Monday, January 29, 2018

"THANKS FOR STRONG WOMEN"


“ A YEAR LATER – THANKS FOR STRONG WOMEN”

            After last week’s blog, one of my friends reminded me that the Women’s March was part of and a sign of the growing resistance to Trumpian America, and I must agree.   I am grateful for all the women political candidates who are emerging in this election cycle, and let’s hope that we have the good sense to organize and turn out the votes for them, including Georgia’s own Stacey Abrams, who is running for governor.  If elected, she would be the nation’s first African-American woman governor.  She spoke at Oakhurst several times during my tenure there, and I was blessed to have her speak at my retirement celebration. 

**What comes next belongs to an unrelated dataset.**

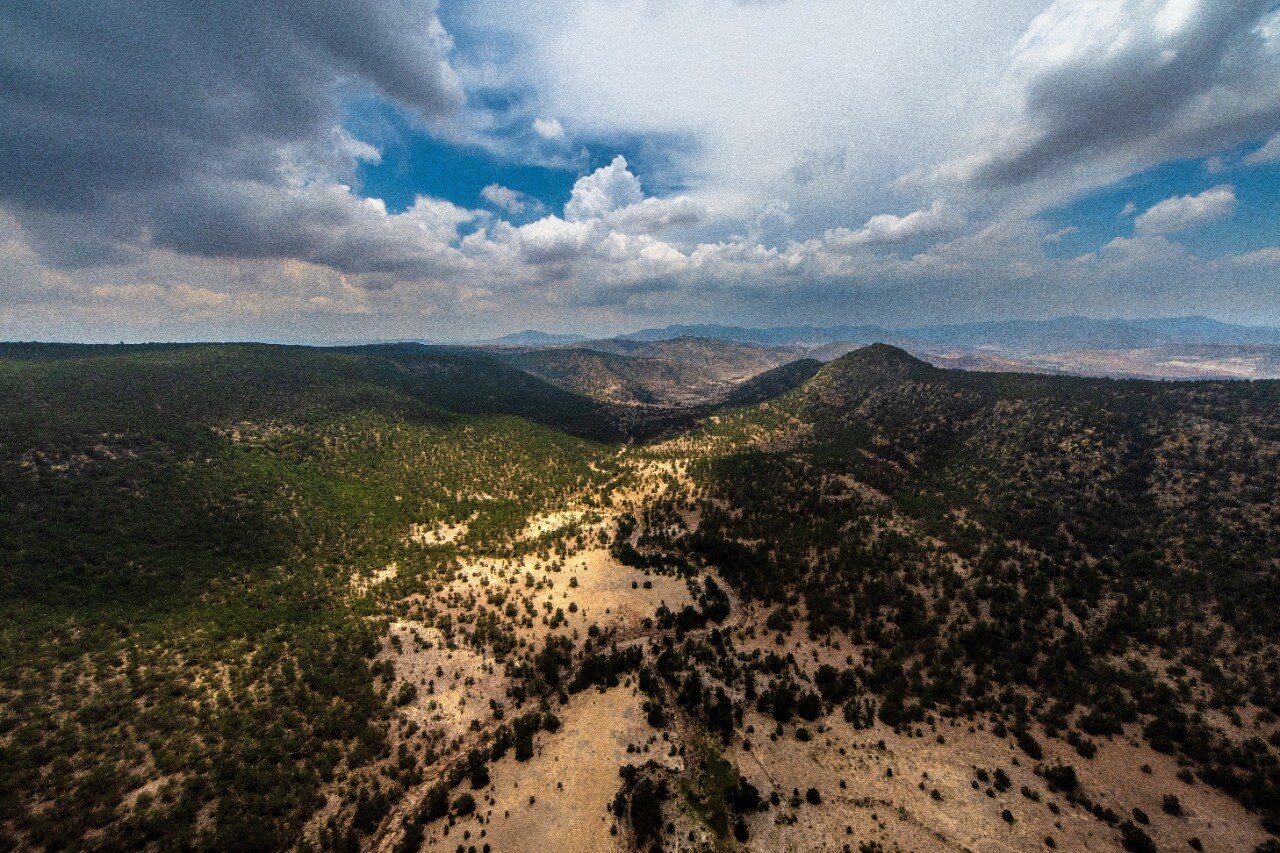 Foto: Archivo EL UNIVERSAL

            The women political candidates are wonderful, and the education of us all on equity and justice for women must go much deeper.  The MeToo campaign, and the horrors of Larry Nassar, allowed by the US Gymnasitcs Committee and Michigan State, remind us that there is deep resistance to the empowerment of women, and indeed that the fear and hatred of women is deep in patriarchal culture.  And, let us all be reminded that we indeed live and breathe in patriarchal culture, just as we  live and breathe in racist culture.  One of my FaceBook friends posted a sentence uttered by Donald Trump at the “anti-life” rally over the weekend, in which he seemed to misspeak, a frequent habit of his.  He said:  “Right now in a number of states, the law allows a baby to be born from his or her mother’s womb in the ninth month.  It is wrong.  It has to change.” 

            At first, it was humorous to me, but then it turned chilling.  I don’t think that it was a misspeak so much as it was a glimpse deep into his anti-women, bedrock patriarchal thinking.  Trump wants to take away agency from women, whether it is birthing babies or not birthing babies or choosing not to get pregnant or to be pregnant. A quote right out of Margaret Atwood’s  “The Handmaid's Tale.”   And, of course, women would not be allowed to have any kind of power or agency in Trump World.  He was elected in order to make it clear to everyone that white males have been ordained to run and control the world.

            So, it is a time of continuing resistance, and I am grateful to the women and men who are working and marching and speaking out and organizing so that the ideas of equity and justice and reparations can be put back on the table.  I have been fortunate to have had strong women around me all of my life, and they have educated me and challenged me and called me to see my humanity not as rooted in domination but rather in partnership and equity and community.  My mother, Mary Stroupe, raised me as a single mother in the 1940-50’s, and I am ever grateful to her for the role modeling of a woman who refused to be defined by men.  She certainly had the power of patriarchy in her, but she worked against it in so many ways. 

            My spouse and life partner, Caroline Leach, was a feminist in the early days of the 1960’s and 1970’s.   She was the 21st woman to be ordained as a pastor in the former PCUS, the Southern Presbyterian Church.  In those days, women had to fight, fight , fight for those kinds of steps, and I have been greatly blessed to have been educated by her in so many ways.  When she graduated from seminary, no church would consider calling her as a pastor or associate pastor. Thanks to Rev. Woody McKay, she was called as an associate campus minister at Georgia Tech, which as usual, was ahead of the church on this.  Women students were coming into Georgia Tech, and Caroline was called to help them find their way in the maze of patriarchy.
In our first pastorate in Norfolk, Virginia, she would be a founding member of the first shelter for battered women (as they were called then) in Norfolk. 

            Our daughter Susan has proved to be a strong advocate for equity and justice for all, especially for women.  In the plays that she has written and those that she has directed, women are seen and heard as agents and creators.  I vividly remember her thesis play for her MFA at Towson.  It was entitled “The Book of Lilith, the Gospel of Eve.”  In it an exiled Lilith returned to the Garden to seek to help instruct Eve in how to survive with integrity in the patriarchal world.  More recently she directed “Harry and the Thief,” by Sigrid Gilmer, in which Harriet Tubman is portrayed as a real woman with many complexities and struggles in the intersecting worlds of patriarchy and racism.  She continues to educate me and so many others!

            Our daughter-in-law, Erin Graham, is a member of the East Lansing School Board, and is an outspoken advocate for rights for girls and women.  She and our son David have made a formidable pair in raising two great daughters and in teaching them to expect to be treated as equals in a world dominated by patriarchy. 

            So, this is how the resistance works – being found by those who believe in and who seek to live in equity and justice, surrounding ourselves with those friends and prophets who call us into our deeper selves, and beginning to find the glorious freedom of the children of God.  I want to say so much more about this, but I’ve run out of space, so I will return to this soon, and certainly in March in Women’s History Month.  Next up is Black History Month, and I will begin with the essence of the modern idea of intersectionality, the great and prophetic Ida B. Wells.